**What is being asked:** In the copy, keep every line below as it is and leave out the pictures.

**Raw data:**

--------------------------------------------------

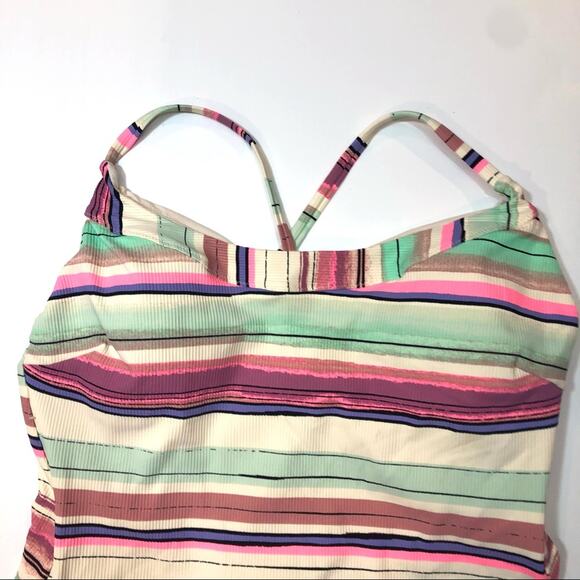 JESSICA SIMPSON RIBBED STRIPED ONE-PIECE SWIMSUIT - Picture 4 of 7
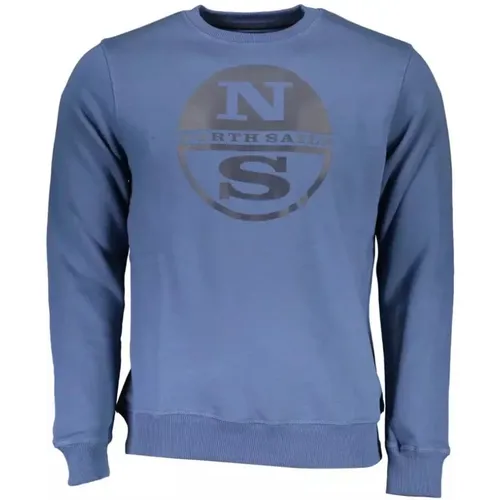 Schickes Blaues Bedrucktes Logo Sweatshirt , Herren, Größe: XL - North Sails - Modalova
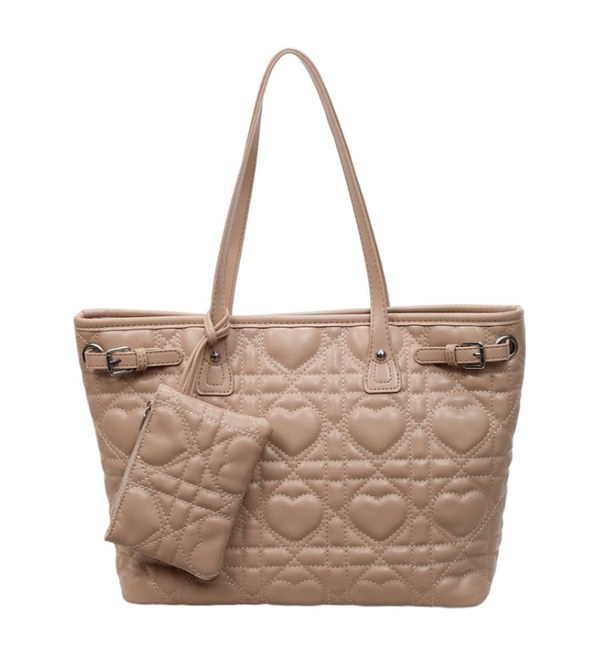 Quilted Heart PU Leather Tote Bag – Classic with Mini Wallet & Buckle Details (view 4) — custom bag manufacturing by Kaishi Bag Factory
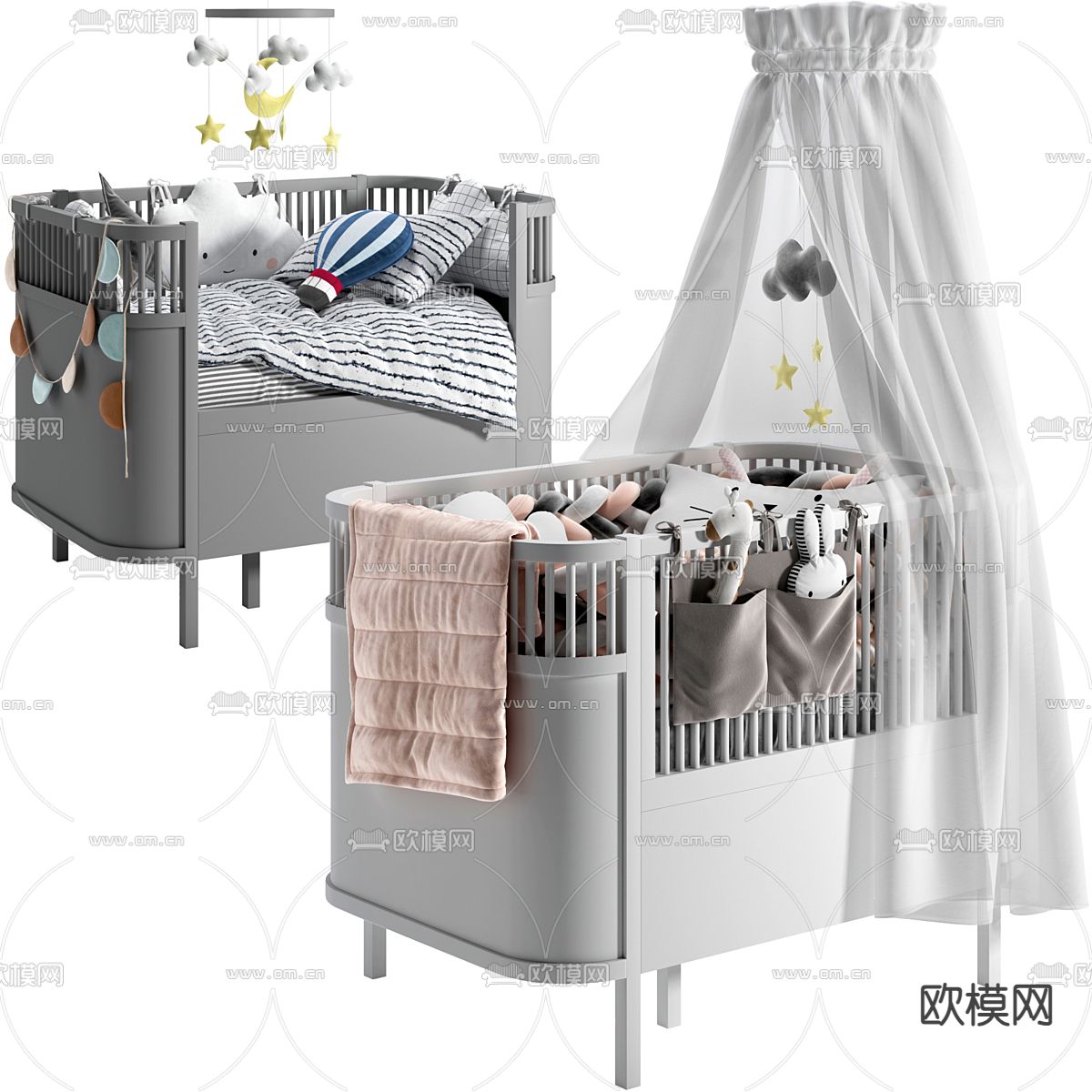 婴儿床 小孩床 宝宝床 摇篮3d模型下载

--------------------------------------------------

**Response for this exercise:**
 JESSICA SIMPSON RIBBED STRIPED ONE-PIECE SWIMSUIT - Picture 4 of 7
 Schickes Blaues Bedrucktes Logo Sweatshirt , Herren, Größe: XL - North Sails - Modalova
 Quilted Heart PU Leather Tote Bag – Classic with Mini Wallet & Buckle Details (view 4) — custom bag manufacturing by Kaishi Bag Factory
 婴儿床 小孩床 宝宝床 摇篮3d模型下载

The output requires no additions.